Skip the pictures and copy all the data that follows exactly.

Provided material —
┄┄┄┄┄┄

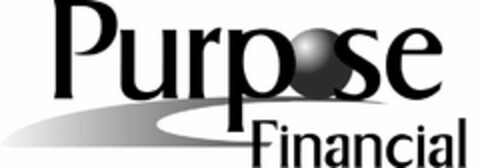 PURPOSE FINANCIAL Logo (USPTO, 01/19/2012)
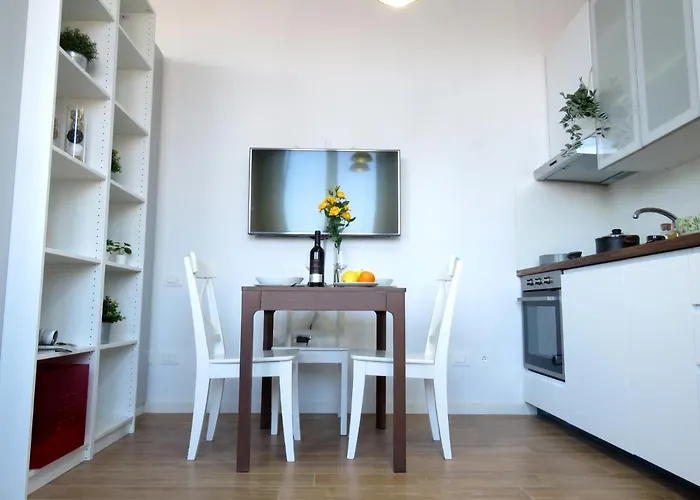 Apartmán Lazzaretto *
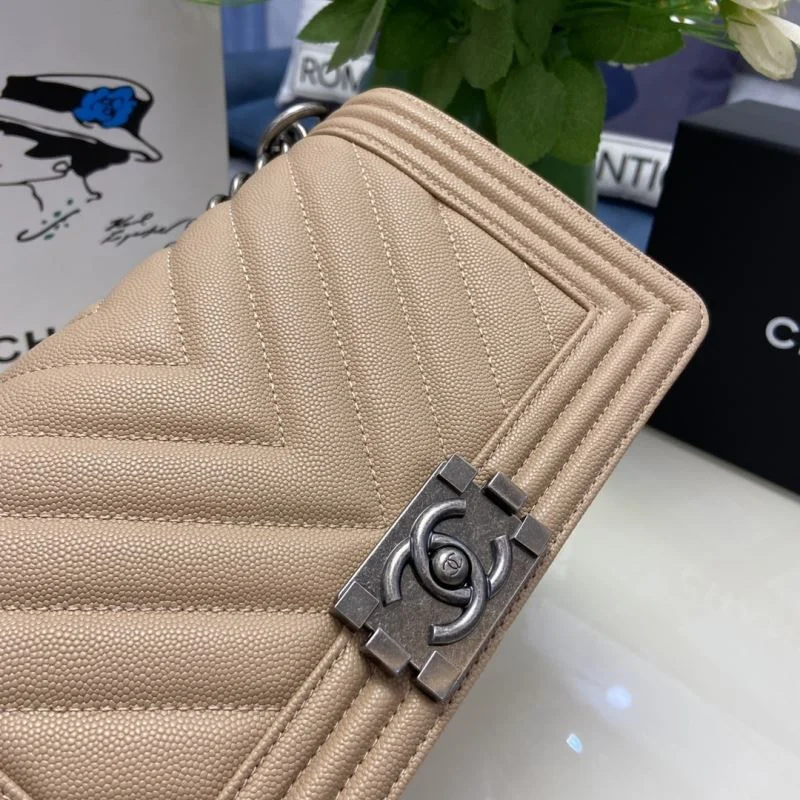 Chanel Leboy Series Bags Sleek 54886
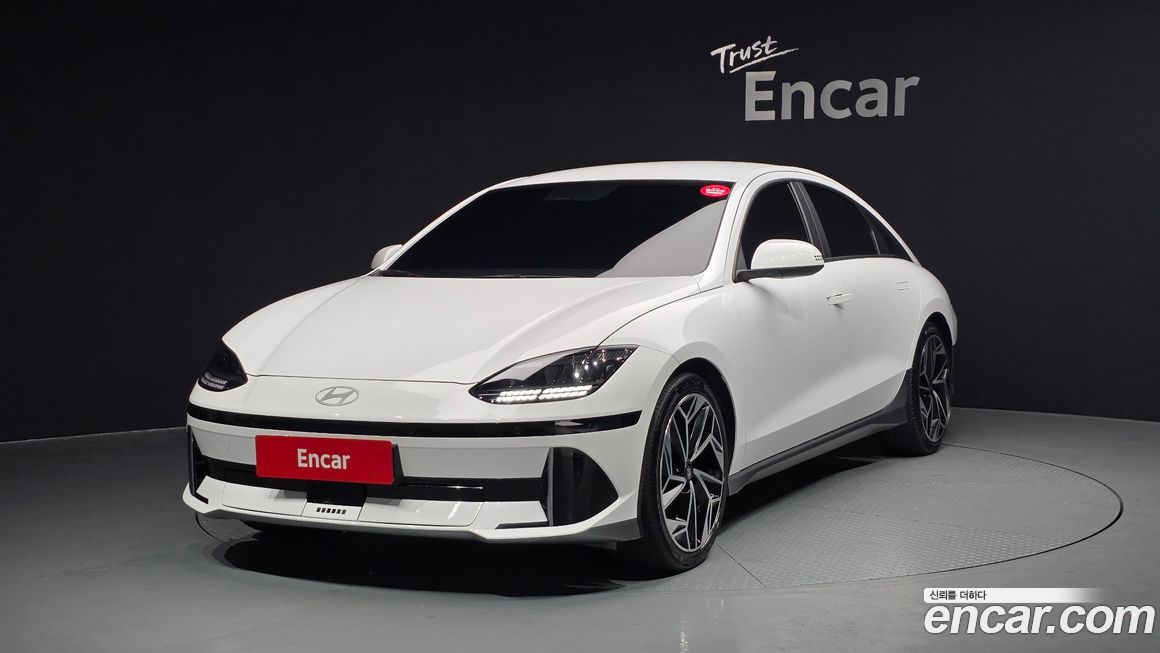 Hyundai Ioniq6 2023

┄┄┄┄┄┄

Task response —
 PURPOSE FINANCIAL Logo (USPTO, 01/19/2012)
 Apartmán Lazzaretto *
 Chanel Leboy Series Bags Sleek 54886
 Hyundai Ioniq6 2023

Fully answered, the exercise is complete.